La disparition de la femme de 69 ans est survenue le 3 septembre. Blanco était allé à l’autre bout de la ville pour acheter de la viande. Personne ne savait que cette vieille dame apparemment sympathique et géniale était en partie responsable de la terreur qui a secoué Medellín, Miami et New York pendant près de deux décennies.
Il y avait la reine de la cocaïne, égocentrique, vivant dans l’anonymat les dernières années de sa vie, et assise sur un tabouret dans une maison d’emballage de viande du district de Bethlehem, au sud-ouest de Medellín. Les enquêteurs restent perplexes quant aux raisons pour lesquelles Griselda a commandé ce jour-là 300 000 pesos » (environ 130 euros) de viande.

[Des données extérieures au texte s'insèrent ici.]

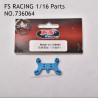 FS RACING 1/16 Scale Upgrade Parts Front Shock Absorber 736064, FS RACING RC Car Parts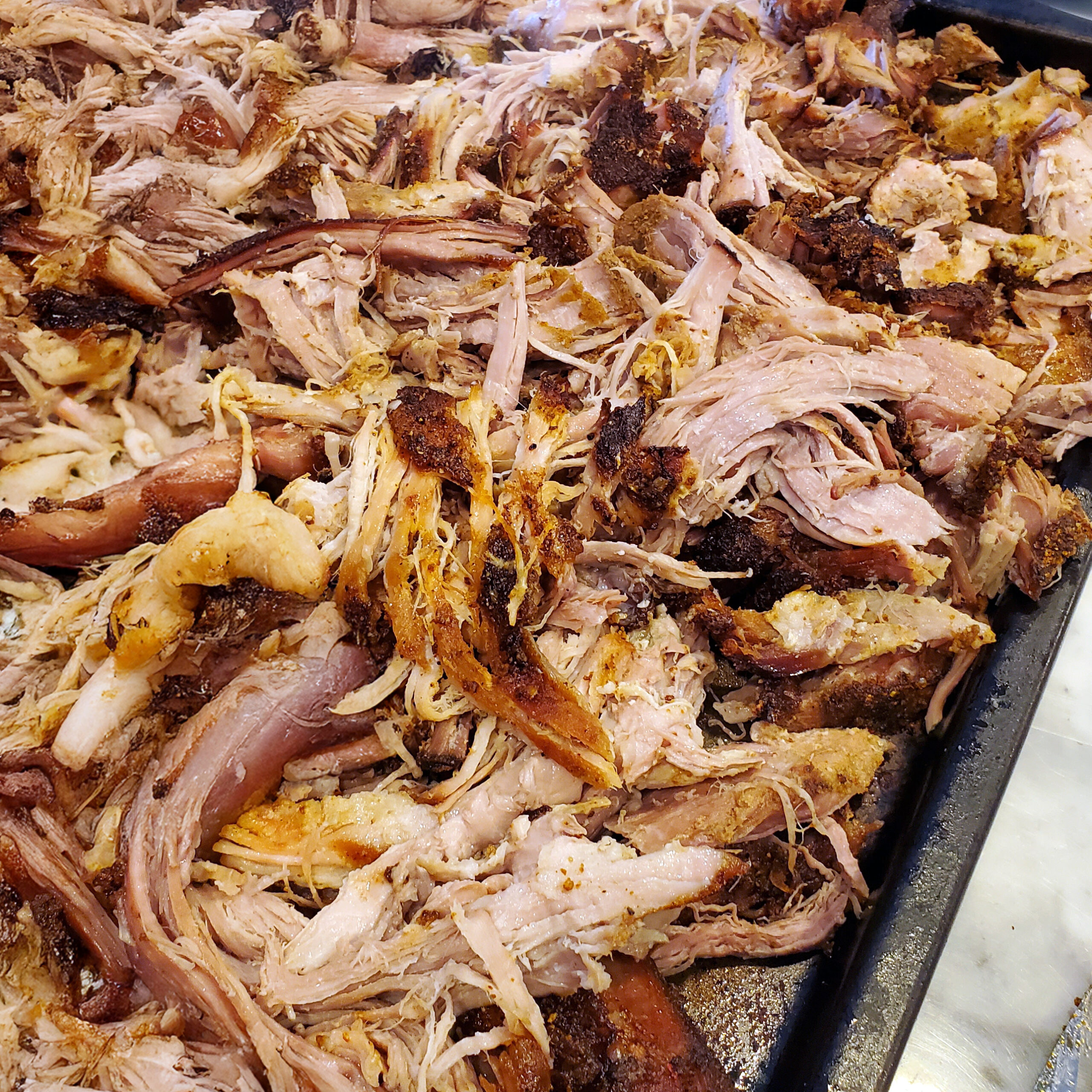 Pulled Pork Scaled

Il était 15 heures lorsqu’un jeune homme est entré, sans enlever son casque de moto, regardant autour de lui jusqu’à trouver Griselda. Il a alors sorti un revolver et lui a tiré deux balles dans la tête. Une demi-heure plus tard, Griselda est morte dans un hôpital voisin, ni multimillionnaire encore dans son faste, ni sans le sou comme dans sa jeunesse.
« Pauvre ? Ecoutez ça : vous et moi sommes pauvres », a déclaré un officier de police. « Elle se promenait au volant de sa mazdita et collectait l’argent des baux des propriétés qu’elle possédait encore. Elle vendait aussi un immeuble pour 1 500 millions de pesos. »
Deux jours plus tard, son corps était placé dans un cercueil décoré de motifs arabesques dorés. Elle a été enterrée dans le cimetière de Jardines de Montesacro – le même lieu de repos que celui de Pablo Escobar. Deux bus remplis d’enfants du quartier d’Antioquia – la banlieue dans laquelle Griselda a travaillé comme prostituée et trafiquant de drogue, et a gagné une réputation de tueur de mari, mais aussi où elle distribuait des cadeaux aux enfants nécessiteux à Noël – sont venus lui rendre hommage.
Griselda est devenue l’une de ces légendes embarrassantes qui ont été engendrées pendant le passé honteux de la Colombie. Les personnes en deuil ont fait circuler une bouteille d’aguardiente, en criant : « Tata, ne nous quitte pas. »
Le journaliste colombien José Guarnizo a été reporter d’investigation pour El Colombiano et a remporté en 2011 le prix du journalisme du roi d’Espagne.